Which of the given linear maps are scalar multiplication

Question

The question is:

Which of these linear maps $(v,u): R^2\to R$ is a scalar multiplication. Provide arguments for your answer.

1. $(v, u) = ((x_1, y_1),(x_2, y_2)) = x_1\cdot y_1 + x_2\cdot y_2$
2. $(v, u) = ((x_1, y_1),(x_2, y_2)) = x_1\cdot x_2-y_1\cdot y_2$

How linear map is related to the scalar multiplication? As far as I see it, none of these linear maps produce scalar multiplication, since it has to be:

$(v, u) = ((x_1, y_1),(x_2, y_2)) = x_1\cdot x_2+y_1\cdot y_2$

but I think I am wrong here.

Answer 1

Answer to your question depends on the definition of what you call scalar multiplication. Let me suggest few possible definitions and give corresponding answers.

Mostly, by scalar multiplication we mean endomorphism of some vector space given by multiplying an element of this space by some number (this number is taken from the number field over which the space is defined). Say we take $\mathbb{R}^n$. In this definition then, the scalar multiplication looks like $\lambda \colon \mathbb{R}^n \rightarrow \mathbb{R}^n$, where $\lambda \in \mathbb{R}$, and the map acts on vectors as $$\lambda (u_1, u_2, \dots, u_n) = ( \lambda u_1, \lambda u_2, \dots, \lambda u_n) \ . $$ You see that this is something very different from the scalar multiplication you are talking about (I guess). If not, the answer to your question is: neither of 1. or 2. is scalar multiplication, since the domain and codomain of the map does not have the same dimension.
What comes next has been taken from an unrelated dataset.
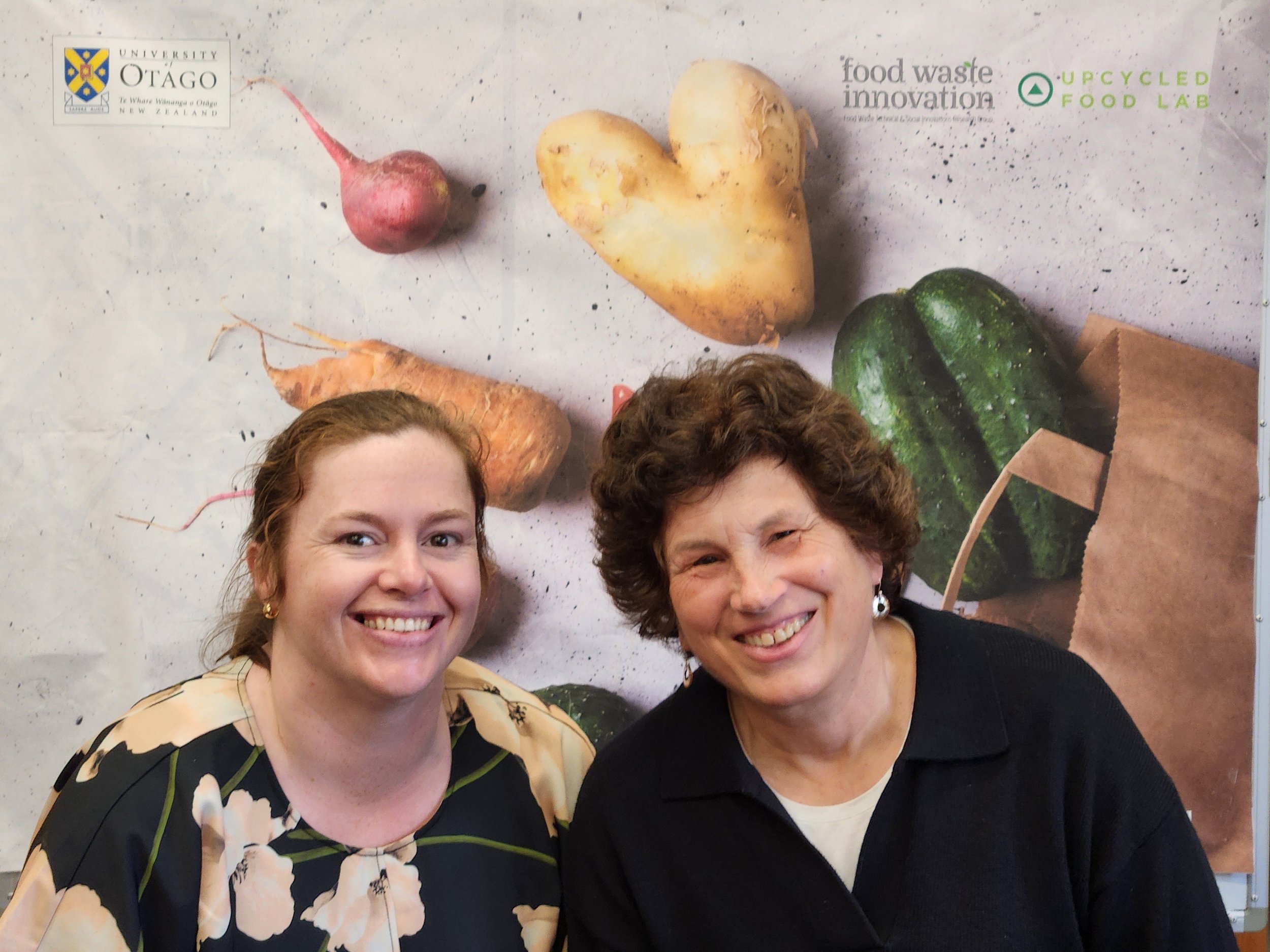 Dr. Jessica O'Connor (Deputy director), and Prof. Sheila Skeaff (Director)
If the scalar multiplication stands for the inner product, then the question makes a better sense but I have never seen the inner product be called scalar multiplication. Synonyms for the inner product may be scalar product or dot product. This names refers to a positive-definite symmetric bilinear form. If we fix our attention to the case of $\mathbb{R}^n$), this inner/scalar product thing is a map $f \colon \mathbb{R}^n \rightarrow \mathbb{R}^n$ which satisfies certain axioms (see this wiki article for their precise form). If we use this definition for your "scalar multiplication" then neither one of the given maps is a scalar product. It satisfies bilinearity as well as the symmetry but fails on positive-definiteness since for $u = (0,1)$ we obtain $$ ((0,1),(0,1)) = -1 \ .$$ The last thing sensible to me to consider is the definition of a pseudo-inner product which keeps all the axioms of an inner product but the axiom of positive-definiteness. The second of your maps actually is a pseudo-inner product (the first is not since it fails to be bilinear). Nevertheless, this last option seems to me the most improbable because calling a pseudo-inner product a scalar multiplication would be completely missleading.

I hope a provided at least some answers and hints for you to be able to solve the problem.

Answer 2

Ok, so I learned from my algebra theacher that scalar multiplication, or scalar product (might be a translation issue, since I am translating from my native language (Lithuanian)) here is meant by such a map between two objects $(.,.): V*V\to R$, where $V$ is a vector space, that satisfies the following five conditions:

1. $(v_1+v_2, u) = (v_1,u) + (v_2,u) , \forall v_1,v_2,u \in V$
2. $(v,u) = (u,v), \forall u, v \in V $
3. $(av, u) = a(v,u)$
4. $(v,v) \ge 0, \forall v \in V $
5. $(v,v) = 0 \iff v = 0 $ (zeroeth element)

What remains is just to test the two parts of the exercise against these conditions.

It seems that the vector space with such scalar multiplication is called Euclidean space.

P.S. Do not hesitate to correct me here, I've just written what I have from my algebra exercise book. There might be discrepancies between terms and definitions.